Problem details: Copy, exactly and without additions, every line in the records below from the one holding "Used 2025 Subaru Ascent Premium image 38" through the one holding "front Farblich passende", both ends included.

☆ ☆ ☆ ☆

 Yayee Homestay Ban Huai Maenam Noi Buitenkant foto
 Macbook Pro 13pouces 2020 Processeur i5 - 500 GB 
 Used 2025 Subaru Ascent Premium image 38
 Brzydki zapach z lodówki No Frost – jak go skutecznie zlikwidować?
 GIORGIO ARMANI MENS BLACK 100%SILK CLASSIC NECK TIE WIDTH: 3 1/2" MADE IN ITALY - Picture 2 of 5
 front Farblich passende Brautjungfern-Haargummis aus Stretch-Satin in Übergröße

☆ ☆ ☆ ☆

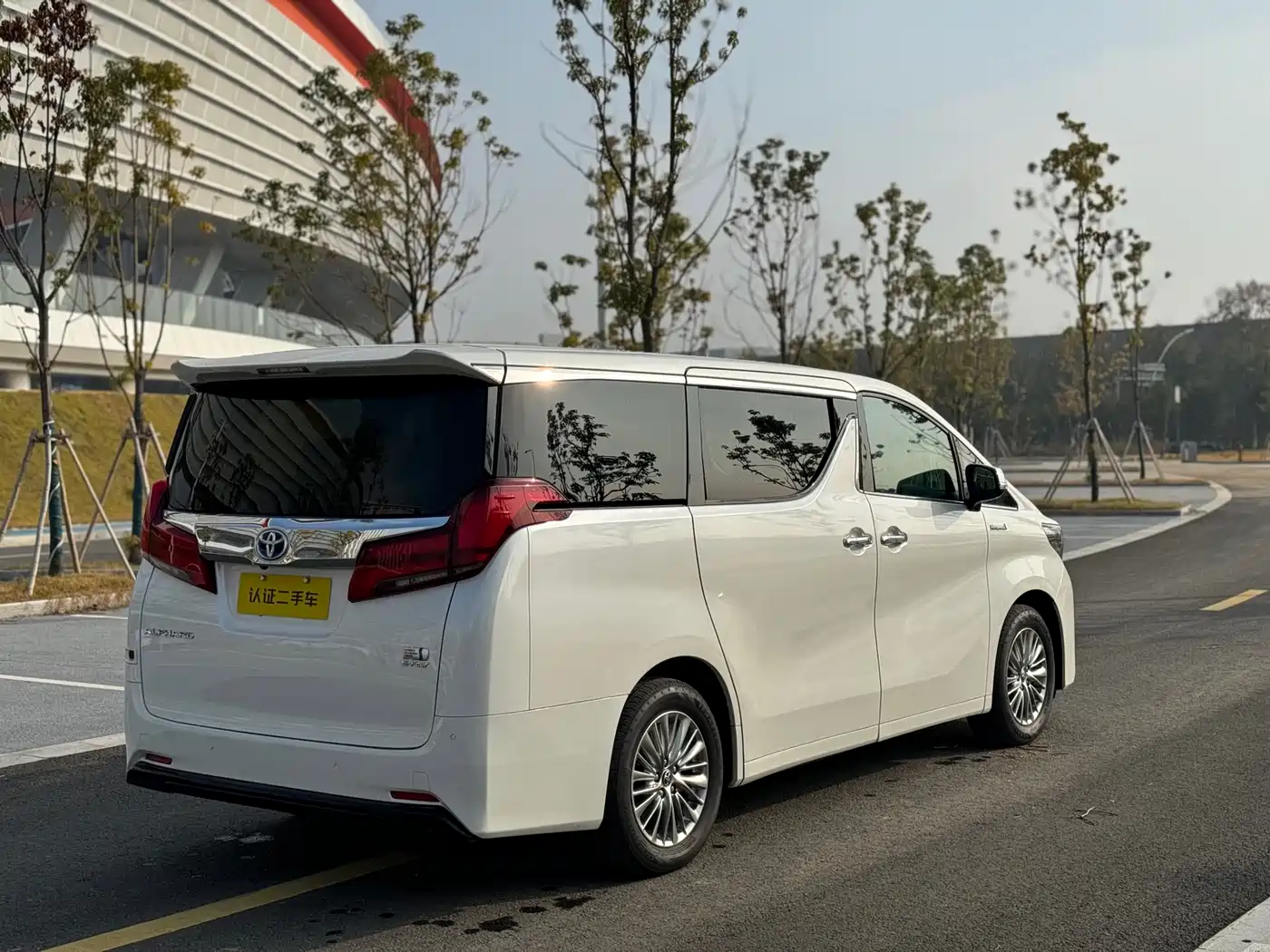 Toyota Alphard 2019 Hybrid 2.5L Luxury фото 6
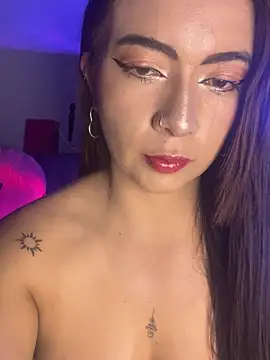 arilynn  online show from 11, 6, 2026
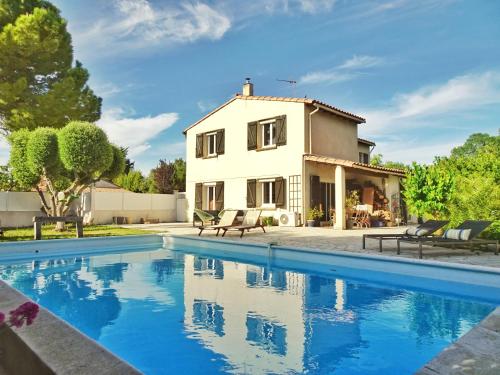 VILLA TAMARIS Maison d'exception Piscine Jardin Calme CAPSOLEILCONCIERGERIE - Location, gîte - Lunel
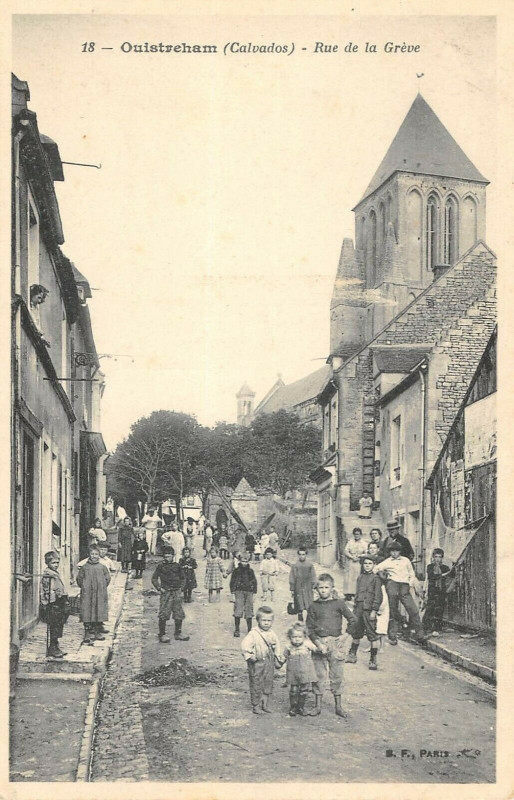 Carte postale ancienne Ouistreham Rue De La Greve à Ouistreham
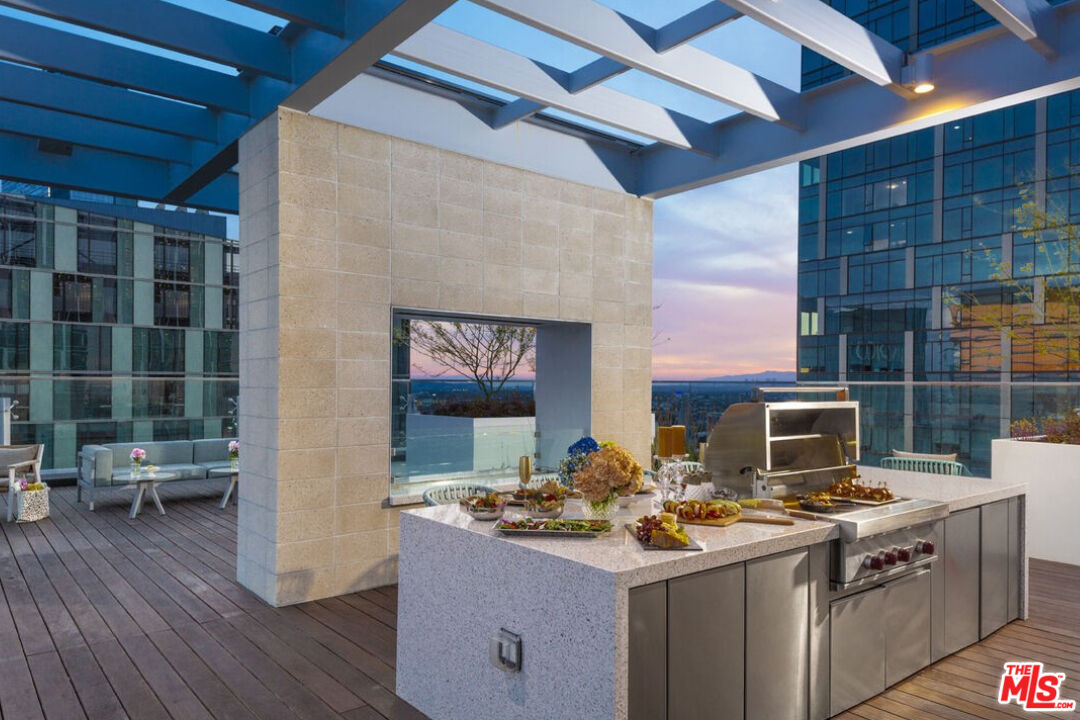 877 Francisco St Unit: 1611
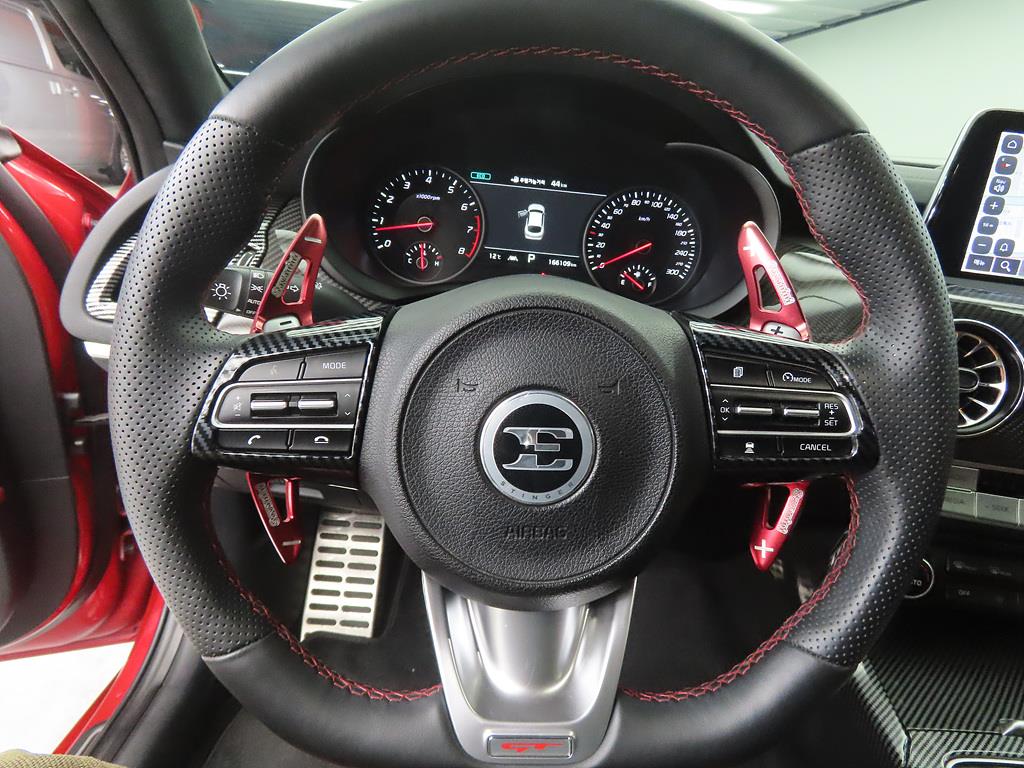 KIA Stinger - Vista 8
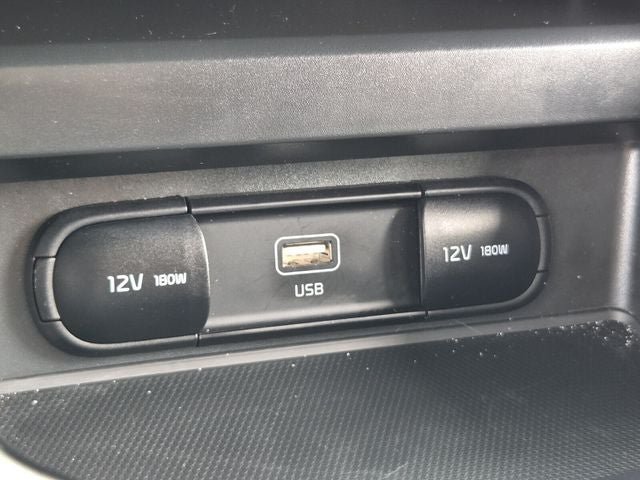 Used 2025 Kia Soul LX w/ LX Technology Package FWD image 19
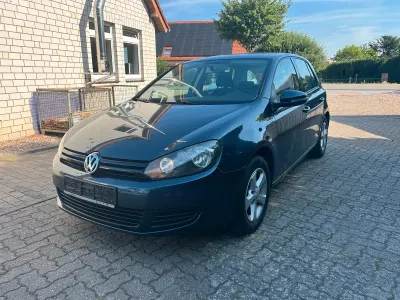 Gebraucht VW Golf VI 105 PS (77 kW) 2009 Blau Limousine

☆ ☆ ☆ ☆

Response for this exercise:
 Used 2025 Subaru Ascent Premium image 38
 Brzydki zapach z lodówki No Frost – jak go skutecznie zlikwidować?
 GIORGIO ARMANI MENS BLACK 100%SILK CLASSIC NECK TIE WIDTH: 3 1/2" MADE IN ITALY - Picture 2 of 5
 front Farblich passende Brautjungfern-Haargummis aus Stretch-Satin in Übergröße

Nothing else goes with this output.